Various techniques have been developed for estimating “conventional” reservoirs (those reservoirs produced using conventional oil well methods). These techniques have been modified to apply to un-conventional reservoirs (reservoirs produced by other methods), such as shales and coals.
Reservoirs found in organic-rich shales and coals contain hydrocarbon fluids that are under a strong influence of the pore walls of the rock. This is attributed to the high surface area to volume ratio of the small pores, the fluid-pore wall interaction modulated by the wettability, and by the small pore-size distribution. The pore-size distribution of these organic shales is generally in the nanometric level (10−9 m). At the nanometric scale, pore wall interaction may provide fluid-phase transition and physicochemical properties of the fluids. The fluid-pore wall interactions may also determine the adsorption mechanism. This may result in a complex density profile of the fluid form the pore walls to the centers of the pores. The density profile may also be a function of the pressure and temperature of the system.
Experimentally The adsorption of the gas molecules in a gas shale on the pore walls may lead to unique nuclear magnetic resonance (NMR) characteristics caused by a “gas wetting” phenomenon.
Adsorption is generally considered in terms of “isotherms;” that is, the adsorption is a function of pressure at a particular temperature. Isotherm tables used in oil and gas reservoir estimation are based on the Langmuir equation. To precisely employ the Langmuir equation, a detailed isotherm analysis in the laboratory of a well core at every pressure, up to the reservoir pressure, is needed, which may be impracticable.

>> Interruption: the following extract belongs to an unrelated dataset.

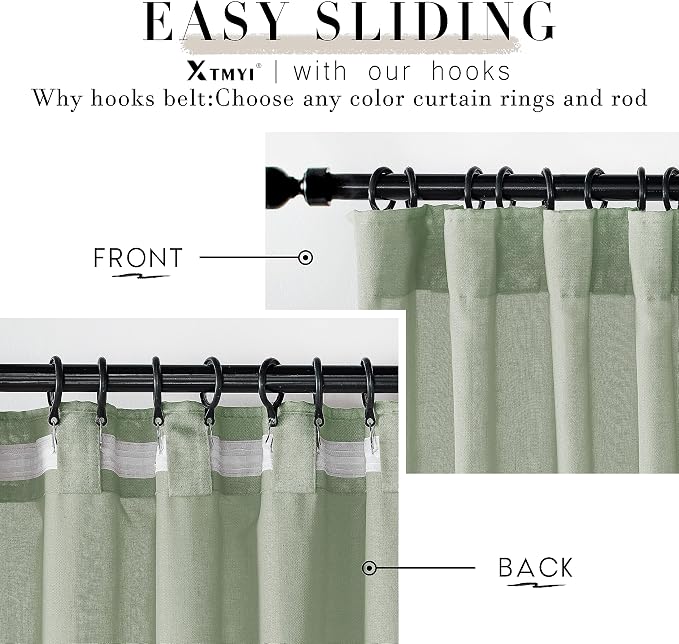 XTMYI Sage Green Back Tab/Hook Belt Linen Cotton Sheer Curtains 45 Inch Length for Bathroom Bedroom 2 Panels Set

Furthermore, employing the Langmuir-based approach involves an iterative calculation to estimate two constants: Langmuir pressure and Langmuir volume, to create an isotherm curve for each specific sample. Such an isotherm curve represents a situation where a single adsorption layer is assumed for any porous media. Hence, it is an approximation for determining the fluid properties and the volumetric approach for calculating the reserve of organic-rich shales and coal reservoirs. Further, a Langmuir curve is measured on one sample, and the results are extrapolated to determine the volumetric calculations in the whole field.